Stipendio restituito in contanti dal lavoratore

 

La normativa, pur se contenente maggiori tutele dei lavoratori vittime di mancati pagamenti delle retribuzioni, non interviene a contrastare il fenomeno del pagamento della retribuzione netta in busta paga con bonifico o assegno bancario, ma con il lavoratore che restituisce al datore di lavoro, in contanti, parte del denaro percepito con strumenti tracciabili.

 

 

 

Lavoro domestico escluso

 

La normativa introduce al comma 913 dell’art. 1 della Legge di Bilancio 2018 delle esclusioni per il pubblico impiego e per il lavoro domestico: “Le disposizioni di cui ai commi 910 e 911 non si applicano ai rapporti di lavoro instaurati con le pubbliche amministrazioni di cui all’articolo 1, comma 2, del decreto legislativo 30 marzo 2001, n. 165, a quelli di cui alla legge 2 aprile 1958, n. 339, né a quelli comunque rientranti nell’ambito di applicazione dei contratti collettivi nazionali per gli addetti a servizi familiari e domestici, stipulati dalle associazioni sindacali comparativamente più rappresentative a livello nazionale”.

 

 

 

Pagamento stipendi in contanti: sanzioni fino a 5 mila euro

 

Lo stesso comma 913 introduce le sanzioni per il divieto di pagamento stipendi in contanti.

Originariamente la proposta di legge prevedeva sanzioni da 5 mila a 50 mila euro. La normativa approvata invece riduce tale regime sanzionatorio. Non solo, la proposta di legge conteneva anche obblighi datoriali di comunicazione di instaurazione del rapporto di lavoro (unilav assunzione) con indicazione dell’istituto bancario o l’ufficio postale (che a sua volta deve rilasciare una dichiarazione che “attesta l’attivazione del canale di pagamento a favore del lavoratore”). Ed in mancanza di tale indicazione nell’unilav assunzione, il datore di lavoro era sottoposto alla sanzione amministrativa pecuniaria consistente nel pagamento di una somma pari a 500 euro.
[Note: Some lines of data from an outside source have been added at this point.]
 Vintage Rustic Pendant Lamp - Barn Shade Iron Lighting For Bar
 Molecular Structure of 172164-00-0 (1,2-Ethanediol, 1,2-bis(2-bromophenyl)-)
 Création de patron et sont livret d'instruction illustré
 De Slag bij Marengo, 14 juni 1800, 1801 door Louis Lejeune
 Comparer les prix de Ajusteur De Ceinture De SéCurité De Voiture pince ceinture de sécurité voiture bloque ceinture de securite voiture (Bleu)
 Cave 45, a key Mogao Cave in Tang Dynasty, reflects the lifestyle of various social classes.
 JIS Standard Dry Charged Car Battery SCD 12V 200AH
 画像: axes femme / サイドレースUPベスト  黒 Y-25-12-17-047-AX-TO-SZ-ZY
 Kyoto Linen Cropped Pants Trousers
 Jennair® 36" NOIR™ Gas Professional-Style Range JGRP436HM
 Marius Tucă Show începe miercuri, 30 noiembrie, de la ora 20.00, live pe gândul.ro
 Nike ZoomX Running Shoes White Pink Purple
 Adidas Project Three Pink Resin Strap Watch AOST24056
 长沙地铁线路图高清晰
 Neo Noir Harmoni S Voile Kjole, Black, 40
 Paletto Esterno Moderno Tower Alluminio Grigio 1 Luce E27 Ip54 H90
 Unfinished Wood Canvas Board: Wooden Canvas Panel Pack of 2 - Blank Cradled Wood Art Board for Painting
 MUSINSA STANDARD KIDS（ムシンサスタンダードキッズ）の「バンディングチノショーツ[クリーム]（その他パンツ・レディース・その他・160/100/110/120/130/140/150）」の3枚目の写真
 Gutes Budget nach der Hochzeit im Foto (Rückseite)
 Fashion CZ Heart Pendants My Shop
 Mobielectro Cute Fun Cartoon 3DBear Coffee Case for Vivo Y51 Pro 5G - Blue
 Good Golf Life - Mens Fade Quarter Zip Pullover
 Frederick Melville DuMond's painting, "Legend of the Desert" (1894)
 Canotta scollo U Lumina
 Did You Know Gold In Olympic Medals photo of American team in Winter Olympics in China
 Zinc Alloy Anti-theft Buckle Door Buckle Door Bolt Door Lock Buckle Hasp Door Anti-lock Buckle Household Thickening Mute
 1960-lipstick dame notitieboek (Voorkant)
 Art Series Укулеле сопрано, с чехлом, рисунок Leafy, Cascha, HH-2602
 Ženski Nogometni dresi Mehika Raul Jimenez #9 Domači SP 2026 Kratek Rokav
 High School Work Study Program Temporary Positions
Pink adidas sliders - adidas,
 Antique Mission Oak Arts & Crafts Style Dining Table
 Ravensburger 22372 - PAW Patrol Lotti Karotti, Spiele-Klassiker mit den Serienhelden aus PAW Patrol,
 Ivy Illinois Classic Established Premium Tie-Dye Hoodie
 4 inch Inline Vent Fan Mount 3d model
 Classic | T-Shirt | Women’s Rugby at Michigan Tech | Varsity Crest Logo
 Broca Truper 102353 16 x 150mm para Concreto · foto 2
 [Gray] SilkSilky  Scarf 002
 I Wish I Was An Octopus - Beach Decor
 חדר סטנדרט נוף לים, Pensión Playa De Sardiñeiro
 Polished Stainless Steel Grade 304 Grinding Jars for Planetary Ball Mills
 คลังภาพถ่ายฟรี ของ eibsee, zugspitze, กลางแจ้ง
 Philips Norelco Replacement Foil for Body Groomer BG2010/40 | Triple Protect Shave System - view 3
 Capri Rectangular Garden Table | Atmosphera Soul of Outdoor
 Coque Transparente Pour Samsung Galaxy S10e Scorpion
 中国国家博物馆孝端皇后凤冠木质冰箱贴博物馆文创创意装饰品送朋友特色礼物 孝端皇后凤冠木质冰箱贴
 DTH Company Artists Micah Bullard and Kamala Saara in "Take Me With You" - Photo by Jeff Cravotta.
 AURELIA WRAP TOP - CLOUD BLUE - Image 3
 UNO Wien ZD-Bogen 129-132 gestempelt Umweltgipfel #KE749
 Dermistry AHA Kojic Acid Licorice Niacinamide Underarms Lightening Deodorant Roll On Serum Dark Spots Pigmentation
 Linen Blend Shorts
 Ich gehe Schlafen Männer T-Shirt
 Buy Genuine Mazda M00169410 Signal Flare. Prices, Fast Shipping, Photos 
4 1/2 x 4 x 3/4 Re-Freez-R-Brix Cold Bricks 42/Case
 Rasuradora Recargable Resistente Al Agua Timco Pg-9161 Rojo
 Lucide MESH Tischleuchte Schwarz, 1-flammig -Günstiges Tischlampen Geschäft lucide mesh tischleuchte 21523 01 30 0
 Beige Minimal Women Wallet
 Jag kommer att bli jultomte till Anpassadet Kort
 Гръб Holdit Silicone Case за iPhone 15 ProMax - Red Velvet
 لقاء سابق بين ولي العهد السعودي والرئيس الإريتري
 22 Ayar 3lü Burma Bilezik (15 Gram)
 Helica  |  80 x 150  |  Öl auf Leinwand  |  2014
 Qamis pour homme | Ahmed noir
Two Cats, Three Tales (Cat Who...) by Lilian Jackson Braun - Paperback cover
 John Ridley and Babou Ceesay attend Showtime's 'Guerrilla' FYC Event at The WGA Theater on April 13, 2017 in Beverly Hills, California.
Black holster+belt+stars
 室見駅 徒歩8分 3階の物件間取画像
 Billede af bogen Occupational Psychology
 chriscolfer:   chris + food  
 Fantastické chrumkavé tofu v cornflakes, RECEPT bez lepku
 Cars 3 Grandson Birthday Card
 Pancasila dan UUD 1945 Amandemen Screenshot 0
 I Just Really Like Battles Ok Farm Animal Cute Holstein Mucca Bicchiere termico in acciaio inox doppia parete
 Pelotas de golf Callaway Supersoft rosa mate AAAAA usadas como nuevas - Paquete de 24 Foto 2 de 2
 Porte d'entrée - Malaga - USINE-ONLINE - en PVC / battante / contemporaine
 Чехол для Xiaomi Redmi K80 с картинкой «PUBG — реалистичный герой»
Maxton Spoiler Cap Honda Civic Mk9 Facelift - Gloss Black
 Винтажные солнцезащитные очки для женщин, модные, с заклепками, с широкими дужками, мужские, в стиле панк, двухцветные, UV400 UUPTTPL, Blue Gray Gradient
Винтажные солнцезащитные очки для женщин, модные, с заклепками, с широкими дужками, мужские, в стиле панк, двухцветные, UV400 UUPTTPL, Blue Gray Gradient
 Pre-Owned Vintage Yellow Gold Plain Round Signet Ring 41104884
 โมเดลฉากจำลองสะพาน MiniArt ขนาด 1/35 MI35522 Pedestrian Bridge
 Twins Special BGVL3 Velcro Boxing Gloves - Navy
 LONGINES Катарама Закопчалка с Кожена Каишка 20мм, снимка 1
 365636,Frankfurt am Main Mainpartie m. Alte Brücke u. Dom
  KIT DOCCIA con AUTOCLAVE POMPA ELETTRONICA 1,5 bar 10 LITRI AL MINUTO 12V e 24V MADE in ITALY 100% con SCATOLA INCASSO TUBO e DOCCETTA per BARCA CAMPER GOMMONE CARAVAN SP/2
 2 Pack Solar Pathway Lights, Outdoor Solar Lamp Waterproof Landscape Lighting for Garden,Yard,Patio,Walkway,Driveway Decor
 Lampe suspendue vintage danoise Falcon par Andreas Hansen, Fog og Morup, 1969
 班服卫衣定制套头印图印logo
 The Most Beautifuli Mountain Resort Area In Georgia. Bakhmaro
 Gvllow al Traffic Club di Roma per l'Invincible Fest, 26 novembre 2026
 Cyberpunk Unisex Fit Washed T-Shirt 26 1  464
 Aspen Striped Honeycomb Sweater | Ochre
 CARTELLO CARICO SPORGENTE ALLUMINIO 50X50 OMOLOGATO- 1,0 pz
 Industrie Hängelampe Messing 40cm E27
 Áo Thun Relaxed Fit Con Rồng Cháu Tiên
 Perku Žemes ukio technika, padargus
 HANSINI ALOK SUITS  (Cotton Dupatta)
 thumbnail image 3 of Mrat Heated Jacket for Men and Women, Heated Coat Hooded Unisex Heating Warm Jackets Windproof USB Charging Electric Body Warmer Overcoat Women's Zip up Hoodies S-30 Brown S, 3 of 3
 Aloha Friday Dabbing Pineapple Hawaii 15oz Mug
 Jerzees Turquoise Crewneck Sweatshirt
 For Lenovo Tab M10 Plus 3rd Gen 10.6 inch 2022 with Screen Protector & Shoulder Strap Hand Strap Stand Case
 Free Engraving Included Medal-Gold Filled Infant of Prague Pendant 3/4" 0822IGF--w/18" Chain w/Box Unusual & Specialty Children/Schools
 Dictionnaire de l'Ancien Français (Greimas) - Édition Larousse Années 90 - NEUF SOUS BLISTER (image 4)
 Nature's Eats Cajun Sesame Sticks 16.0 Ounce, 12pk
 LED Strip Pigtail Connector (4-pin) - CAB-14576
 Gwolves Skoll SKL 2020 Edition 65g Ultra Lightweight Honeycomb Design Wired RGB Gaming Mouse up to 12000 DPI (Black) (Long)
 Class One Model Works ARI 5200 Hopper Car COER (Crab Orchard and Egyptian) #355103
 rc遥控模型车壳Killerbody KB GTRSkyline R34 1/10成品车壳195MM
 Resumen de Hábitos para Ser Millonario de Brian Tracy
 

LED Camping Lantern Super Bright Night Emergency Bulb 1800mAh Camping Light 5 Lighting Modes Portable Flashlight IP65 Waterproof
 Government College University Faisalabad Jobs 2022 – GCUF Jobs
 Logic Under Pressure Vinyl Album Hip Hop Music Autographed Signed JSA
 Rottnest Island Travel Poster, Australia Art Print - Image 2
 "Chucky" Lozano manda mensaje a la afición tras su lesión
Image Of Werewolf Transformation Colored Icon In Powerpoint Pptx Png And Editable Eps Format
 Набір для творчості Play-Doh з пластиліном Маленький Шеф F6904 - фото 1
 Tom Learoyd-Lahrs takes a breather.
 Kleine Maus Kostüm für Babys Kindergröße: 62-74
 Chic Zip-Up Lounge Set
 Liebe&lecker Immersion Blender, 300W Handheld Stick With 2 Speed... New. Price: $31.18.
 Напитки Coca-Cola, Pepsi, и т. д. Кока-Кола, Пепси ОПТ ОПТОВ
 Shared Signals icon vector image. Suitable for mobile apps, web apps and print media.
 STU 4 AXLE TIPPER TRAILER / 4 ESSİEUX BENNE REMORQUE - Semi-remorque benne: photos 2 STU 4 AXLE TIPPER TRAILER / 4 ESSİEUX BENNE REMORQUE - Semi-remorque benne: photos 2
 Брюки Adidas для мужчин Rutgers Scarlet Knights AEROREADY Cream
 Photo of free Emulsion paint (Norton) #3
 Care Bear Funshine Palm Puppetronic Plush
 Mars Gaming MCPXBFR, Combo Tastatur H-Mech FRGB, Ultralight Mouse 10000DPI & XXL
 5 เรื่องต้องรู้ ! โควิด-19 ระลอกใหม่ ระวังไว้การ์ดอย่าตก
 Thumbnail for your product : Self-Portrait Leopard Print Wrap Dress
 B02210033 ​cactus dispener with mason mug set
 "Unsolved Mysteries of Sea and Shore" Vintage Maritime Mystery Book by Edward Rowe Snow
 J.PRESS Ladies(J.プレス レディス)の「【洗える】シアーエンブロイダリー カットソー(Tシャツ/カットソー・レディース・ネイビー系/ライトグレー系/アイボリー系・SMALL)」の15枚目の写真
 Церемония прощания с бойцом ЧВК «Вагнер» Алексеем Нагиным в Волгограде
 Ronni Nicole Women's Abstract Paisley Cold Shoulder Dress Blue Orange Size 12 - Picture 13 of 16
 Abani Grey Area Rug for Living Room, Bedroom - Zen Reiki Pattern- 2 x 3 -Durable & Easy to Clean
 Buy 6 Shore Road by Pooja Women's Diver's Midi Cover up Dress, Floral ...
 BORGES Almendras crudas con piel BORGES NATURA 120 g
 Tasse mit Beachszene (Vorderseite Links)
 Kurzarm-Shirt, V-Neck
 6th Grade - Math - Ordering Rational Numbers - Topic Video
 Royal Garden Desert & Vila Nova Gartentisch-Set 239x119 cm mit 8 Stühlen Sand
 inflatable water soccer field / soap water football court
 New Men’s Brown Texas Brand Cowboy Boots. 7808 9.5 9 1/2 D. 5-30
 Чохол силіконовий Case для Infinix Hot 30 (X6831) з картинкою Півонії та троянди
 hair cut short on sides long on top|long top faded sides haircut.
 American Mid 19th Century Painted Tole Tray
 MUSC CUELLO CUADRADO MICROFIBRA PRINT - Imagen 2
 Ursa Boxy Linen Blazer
Ma tale parte della proposta non è passata.

 

Il comma 913 approvato è il seguente: “Al datore di lavoro o committente che viola l’obbligo di cui al comma 509-bis si applica la sanzione amministrativa pecuniaria consistente nel pagamento di una somma da 1.000 euro a 5.000 euro”.

 

Si tratta di un regime sanzionatorio decisamente attenuato e che sembra riferirsi alla totalità dei rapporti di lavoro, quindi indipendentemente dal numero di violazioni.

 

 

Normativa pagamento stipendi in vigore dal 1 luglio 2018

 

Il comma 914 della Legge di Bilancio 2018 prevede che “Gli obblighi di cui ai commi 910, 911 e 912 e le relative sanzioni si applicano a decorrere dal centottantesimo giorno successivo alla data di entrata in vigore della presente legge”. Si tratta quindi dell’entrata in vigore della normativa dal 1 luglio 2018.

 

L’intenzione del Governo è quella infatti di organizzarsi con campagne informative, ma anche di permettere ai datori di lavoro di organizzarsi.

 

Il comma 914 stabilisce inoltre che “Entro tre mesi dalla data di entrata in vigore della presente legge il Governo stipula con le associazioni sindacali dei lavoratori e dei datori di lavoro maggiormente rappresentative a livello nazionale, con l’Associazione bancaria italiana e con la società Poste italiane Spa una convenzione con la quale sono individuati gli strumenti di comunicazione idonei a promuovere la conoscenza e la corretta attuazione delle disposizioni di cui ai commi 910, 911 e 912.

 

La Presidenza del Consiglio dei ministri, in collaborazione con il Ministero dell’economia e delle finanze, predispone campagne informative, avvalendosi dei principali mezzi di comunicazione, nonché degli organi di comunicazione e di stampa e di soggetti privati. Ai fini dell’attuazione delle disposizioni di cui al presente comma, è autorizzata la spesa di 100.000 euro per l’anno 2018″.